[Feature] Unbalanced free-support Wasserstein barycenter with learnable weights by huguesva · Pull Request #676 · ott-jax/ott

huguesva · 2026-02-23T21:36:15Z

Summary

Add tau_a and tau_b parameters to FreeWassersteinBarycenter for unbalanced transport
Add learn_a option to jointly learn barycenter weights via block-coordinate descent. Relaxing the barycenter-side marginal (tau_a < 1) yields a closed-form weight update: the normalised arithmetic mean of transport-plan row marginals, derived as the exact block-coordinate minimiser via Danskin's theorem for the KL(r_i || a) penalty.
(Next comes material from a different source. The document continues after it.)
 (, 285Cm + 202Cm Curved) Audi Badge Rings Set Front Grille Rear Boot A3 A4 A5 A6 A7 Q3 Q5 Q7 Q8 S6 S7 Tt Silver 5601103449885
No gradient computation or inner optimisation loop is needed.
Add a_init for custom initial barycenter weights (resolves existing TODO)
In unbalanced mode, the location update weights each measure by lambda_i * r_{ik} (row marginal) instead of lambda_i alone, down-weighting unreliable projections
Warning emitted when learn_a=True with tau_a=1.0 (no effect in balanced mode)
Fully backward compatible: all defaults produce identical behaviour to main

Test plan

4 new tests in continuous_barycenter_mass_learning_test.py
All 20 existing continuous_barycenter_test.py tests pass (no regression)
Pre-commit passes

Allow joint optimisation of support locations and weights in FreeWassersteinBarycenter via block-coordinate descent with unbalanced OT. New parameters: tau_a (marginal relaxation), learn_a (enable weight learning), a_init (custom initial weights).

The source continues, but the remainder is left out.